Elles peuvent également s’expliquer par le fait que certains consommateurs regroupent leurs achats au sein d’un seul et même point de vente, tandis que d’autres complètent leurs achats dans d’autres points de vente spécialisés. On ne construit donc pas nécessairement un prix de détail à partir d’un coût de revient dans le secteur de la grande distribution alimentaire. En outre, la grande distribution est un secteur très concentré et les choix des consommateurs en matière d’enseignes au niveau local peuvent être limités (voir notamment l’avis 15-A-06 de l’Autorité de la concurrence).

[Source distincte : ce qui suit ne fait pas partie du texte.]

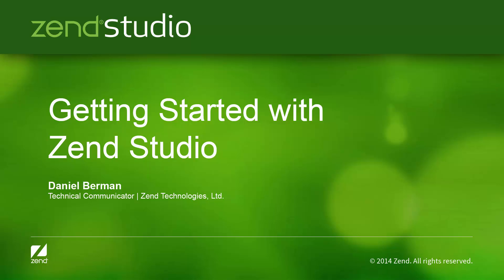Welcome to Zen Studio, the leading integrated development environment for PHP web applications. Zen Studio maximizes developer productivity by allowing you to develop and maintain code faster, resolve application issues quickly and improve team collaboration.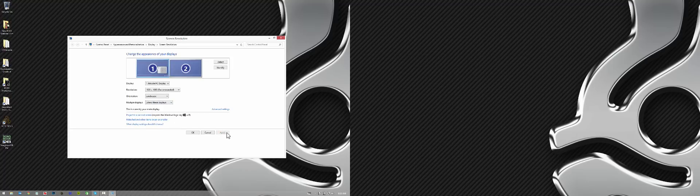Obviously, mine's grayed out because I already had that applied, but you're going to hit apply. And then you're going to hit OK.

La proposition de définir le prix payé à l’agriculteur à partir du coût de production soulève d’autres difficultés. Par exemple, la transparence des marchés à l’amont risque de favoriser la substitution entre les producteurs, sans pour autant leur redonner du pouvoir. D’autres écueils sont également à prévoir. En particulier, dans l’application des mesures, quelle est la différence entre une entente sur un coût de production, dès lors que celui-ci sert de référence dans le calcul du prix de vente, et une entente sur un prix de vente ? L’entente sur les prix est une pratique généralement considérée comme anticoncurrentielle et interdite à ce titre.

Voie alternative

Le manque de structuration des filières agricoles a été un élément de diagnostic dégagé lors des Etats généraux et amplement discuté. Par exemple, les filières doivent se structurer afin de répondre à la demande d’autres circuits de distribution – circuits courts, restauration collective ou restauration hors domicile – avec un objectif de montée en gamme (produits biologiques, etc.).
A l’instar de ce que certains acteurs ont développé récemment, tels que la marque « C’est qui le patron »  , la restructuration d’une filière et la rémunération correcte des agriculteurs a un coût, mais sûrement inférieur aux coûts qui vont résulter des mesures proposées.